03 Nov Romance Was in the Air at the 75th Frankfurt Book Fair
This year’s Frankfurt Book Fair saw the familiar hustle and bustle of pre-pandemic times
BY MARLEEN SEEGERS — ARTICLE PUBLISHED ON NOVEMBER 3, 2023
The Frankfurt Book Fair celebrated its 75th edition this year, with the motto ‘And the story goes on’. Slovenia was this year’s Guest of Honor.
The prevailing global tensions found their way to the Fair when it decided to postpone the 2023 LiBeraturpreis award ceremony honoring Berlin-based Palestinian author Adania Shibli. Numerous Arab publishing associations made a last-minute decision to pull out.
In spite of these tensions, it was clear to see that people were in high spirits, and the overall atmosphere was marked by (cautious) positivity. For the first time since 2019, Asian and Australian publishing professionals were back in full force.
The Literary Agents and Scouts Center broke its record attendance with more than 580 tables, and the overall trade and public attendance was up. However, in an effort to reduce their expenses, many companies restricted the number of people they sent to the Fair, as inflation and rising production costs continue to pose challenges. Those who were attending, especially from surrounding countries, tended to stay for a shorter period of time.
Still, our meetings allowed us to check in again with our main international partners and keep up with changes in personnel—it seemed that, in particular, many Italian editors changed jobs over the summer, giving the impression of a true musical chair.
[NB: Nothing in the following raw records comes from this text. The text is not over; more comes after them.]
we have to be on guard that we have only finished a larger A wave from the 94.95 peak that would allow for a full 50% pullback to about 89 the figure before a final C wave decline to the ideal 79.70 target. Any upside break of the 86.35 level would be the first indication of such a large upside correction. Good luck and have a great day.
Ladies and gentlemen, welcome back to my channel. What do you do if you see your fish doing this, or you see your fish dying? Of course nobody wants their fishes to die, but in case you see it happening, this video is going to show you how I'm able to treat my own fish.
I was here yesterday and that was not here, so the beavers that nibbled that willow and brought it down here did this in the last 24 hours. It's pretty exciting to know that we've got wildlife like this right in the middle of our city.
In terms of fiction, it was confirmed that literary fiction in translation continues to represent increasing difficulties. In contrast, Japanese upmarket feel-good novels about cats and/or books (preferably both) continue to sell very well internationally. The romance genre was also on fire, with publishers seeking captivating stories of love in all its forms, including the unconventional—for instance, a romance novel about two serial killers finding love in each other’s arms, which a German editor gleefully mentioned as they summed up their recent acquisitions. In response to the high demand for the genre, several international publishing companies that are traditionally seen as more ‘literary’ are starting a romance list or imprint.
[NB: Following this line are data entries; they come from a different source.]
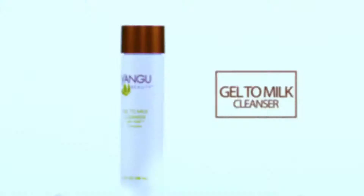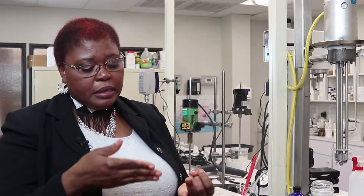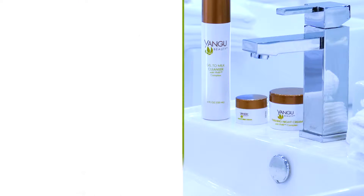With the cleanser itself, it's a nourishing, hydrating cleanser. So you're already getting hydration, but a lot of cleansing properties as well. And then the moisturizer there for the day, the night cream. If you have dry skin, I absolutely recommend that you use the gel-to-milk cleanser and the night cream at night.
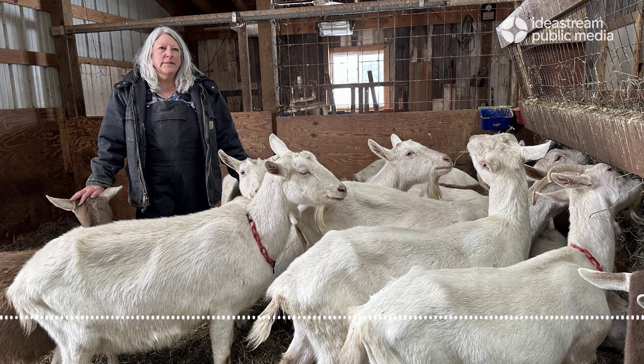The goats are Deb's pride and joy. They flock to the edge of their pen, greeting her when she enters the barn. They're surprisingly quiet, except for the sound of a few bells attached to some of their collars.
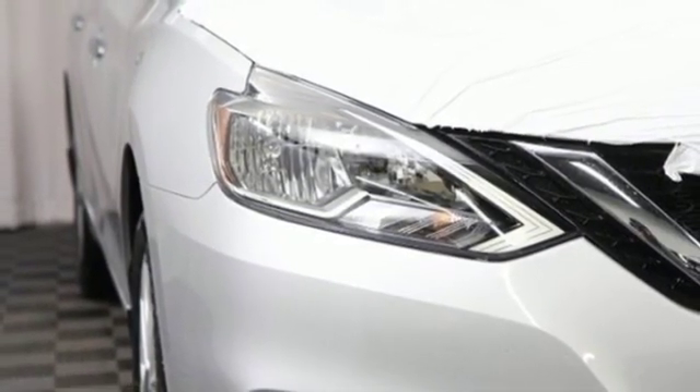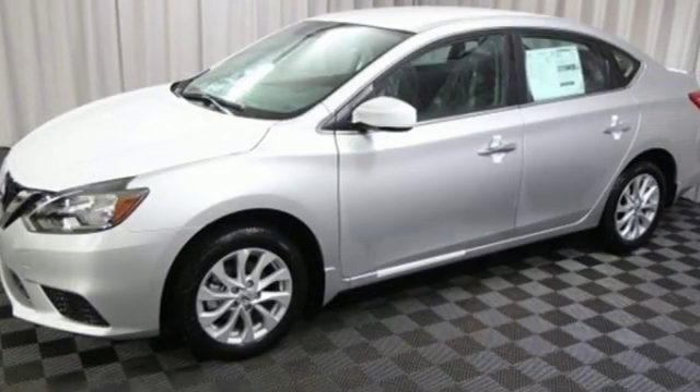Nissan, built for the human race. There's even more to see in person. Take it for a test drive today.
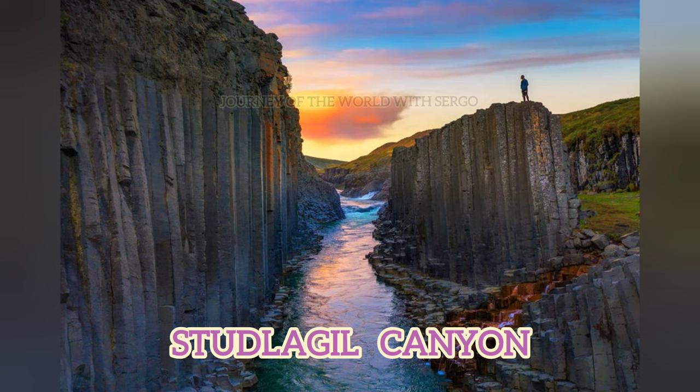The Vatnajökull Glacier was close to where the river originated. The Jökulsá took a very long time to complete its course in Stuðlagil Canyon. Icelanders commonly refer to Jökulsá as Jökla, which literally means a glacier.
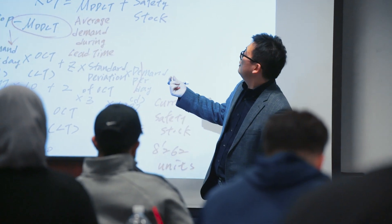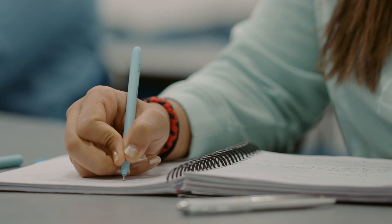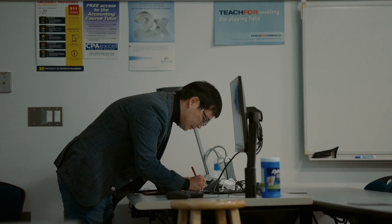A supply chain manager's job is to control costs and avoid supply shortages. Companies manage their supply chains to deliver products to the consumer faster, more efficiently, and at less cost.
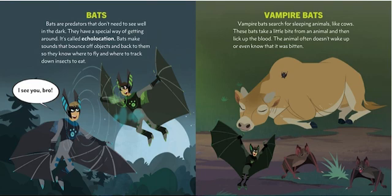Vampire bats! Vampire bats search for sleeping animals like cows. These bats take a little bite from an animal and then lick up the blood. The animal often doesn't wake up or even know that it was bitten.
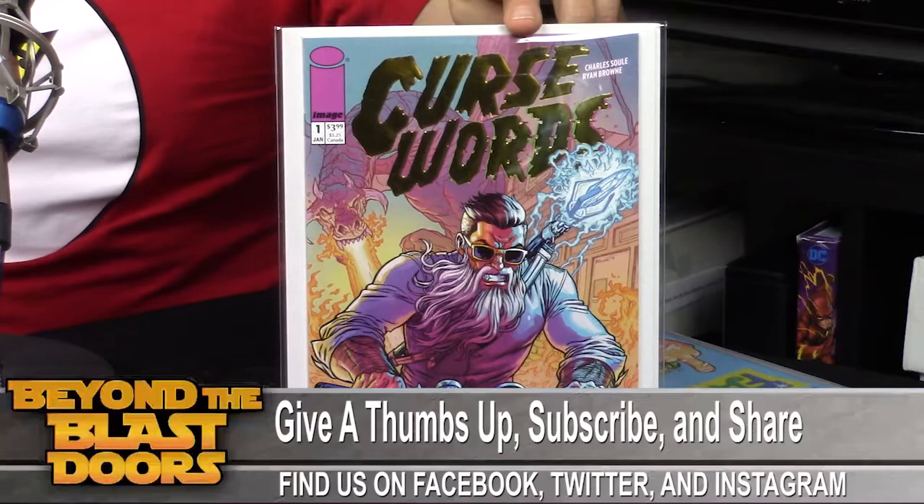Curse Words number one — Charles Soule, Ryan Brown, Jordan Boyd, cover by Ryan Brown. I'm spending a little extra time on each book to give you some reference. I only have two left to show. Some of these may be familiar to longtime comic readers, but if you're not, that's exactly why I want to give background. I was actually bidding for books I hadn't heard of, and I got to learn through the experience. Reading is reading — whether books or comics — and discovering new stories is one of the best parts.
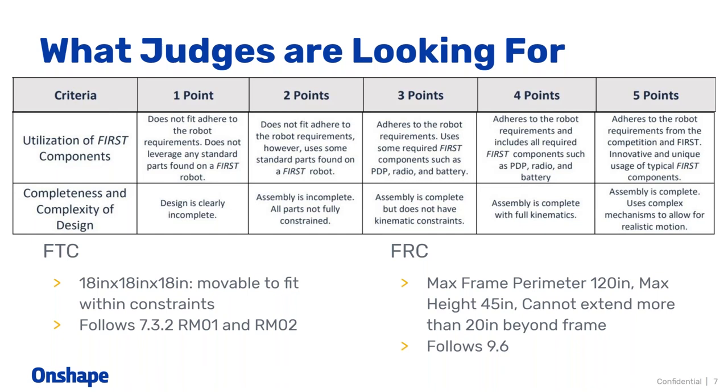Another thing to clarify is the completeness and complexity of design. While we're looking at your design in CAD, if we see missing components, things that aren't fully constrained, and you just haven't really made an assembly, that's one point. Whereas you get five points if every single possible component you could possibly need is in that assembly, and you're using complex mechanisms like gears or rack and pinion — some of these more complex mechanisms to show the motion and fully have a CAD model of what you would build and how it would interact with kinematics in real life.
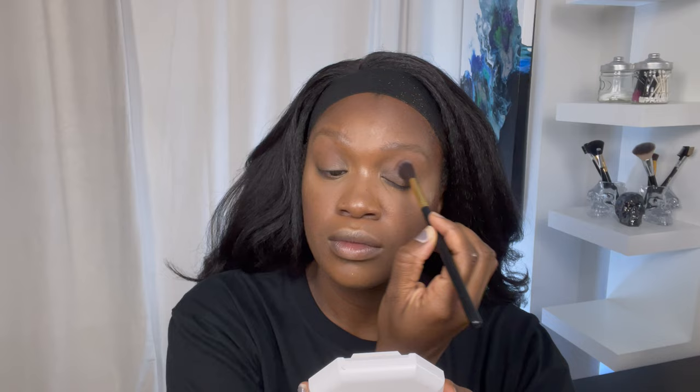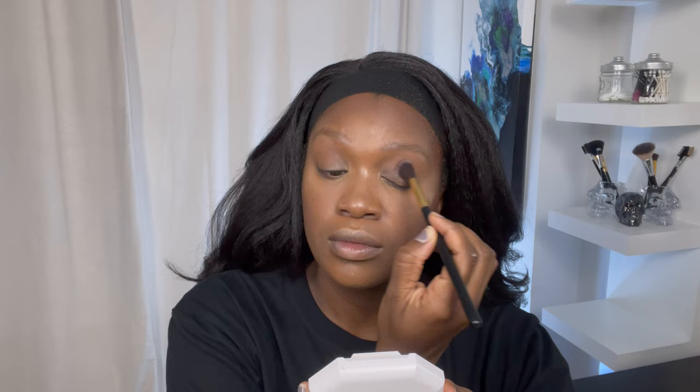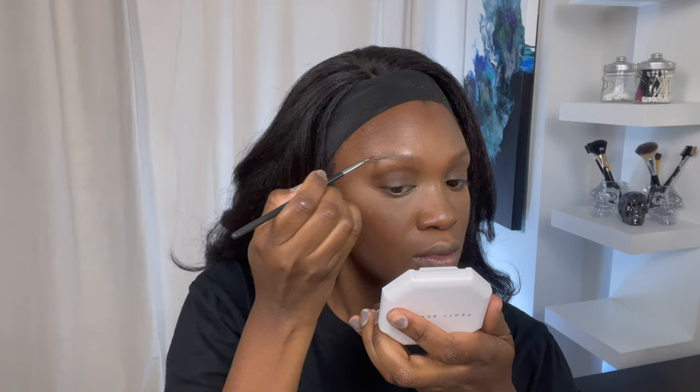Since I'm mainly focusing on the foundation in this video, I'm going to do a very simple eye look. I'll take my Fenty Beauty Pro Filter powder foundation and wash a small amount across my eye. Next up I'm going to do my brows — I got this product in Italy and I love it because it has a nice warm brown undertone. Most eyebrow gel products I find have more of a gray undertone, so I really love to use this one.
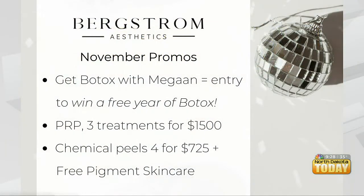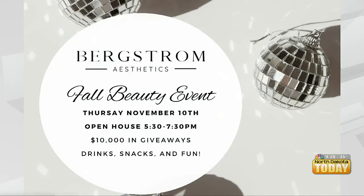These are quite the specials ahead of the holidays, but you're also hosting a can't-miss event. This is our favorite time of year. We do this semi-annually, and it's our fall one coming up on November 10th, in-house at our clinic — Dr. Bergstrom's office — from 5:30 to 7:30. We're hosting an event with food, drinks, and a bunch of reps that actually work with our company: skincare, injectables, lasers.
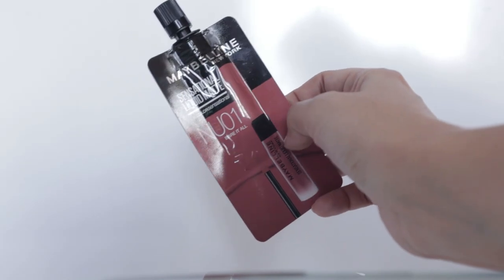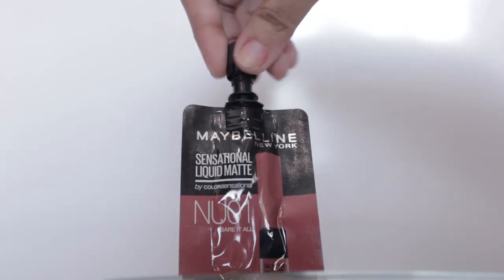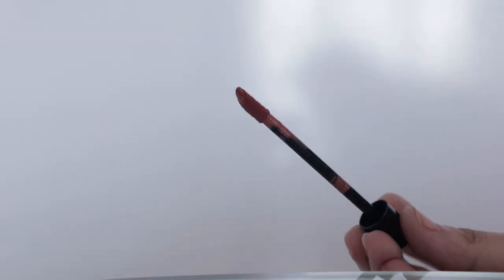These lipsticks are available everywhere — you can buy them online and offline. The packaging is compact and the wand has a toe-food applicator, which makes it very easy to apply on your lips. So without wasting much time, let's see the swatches now.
While UK and US romance authors have traditionally seen very strong international sales, editors now also have their sights set on languages other than English such as French and Italian, partly in response to the stiff competition posed by English-language books on the European continent, particularly in the northern regions. There’s no fixed book price on export editions, so the English editions are often several Euros cheaper than their translated counterparts.
This challenge isn’t limited to the romance genre; it applies across the board. For instance, for the first time in my career in foreign rights, Dutch nonfiction editors told me they are actively seeking titles from languages other than English. In the Netherlands, the dominance of English in the book market is evident; one out of every six books currently sold is written in English. Germany and the Nordic countries are following in the Netherlands’ footsteps. Publishers in these countries are looking at measures that could curb this trend, without punishing booksellers.
For nonfiction titles, we saw an increased interest in the well-being, mental health, and personal development sphere, with nature writing continuing to hold strong. Business, marketing & leadership titles continue to sell well in the Asian markets in particular.
In terms of children’s & YA, publishers have been asking for middle-grade series with fantasy and magical elements, and YA fantasy, romance, and fantasy-romance (aka romantasy), especially thanks to BookTok. Middle-grade paperback sales are declining in several countries, as readers are switching to reading manga, webtoons, and YA, so editors are always on the lookout for new stories and new voices, as this segment has a lot of potential. The Netherlands and Nordic countries, again due to the high competition they receive from the English-language editions, are generally not acquiring anything from English for readers aged 12 and up.
Everyone seemed to agree that in spite of these challenging times, we are all in the same boat and I felt an overall confidence in the enduring spirit of the industry.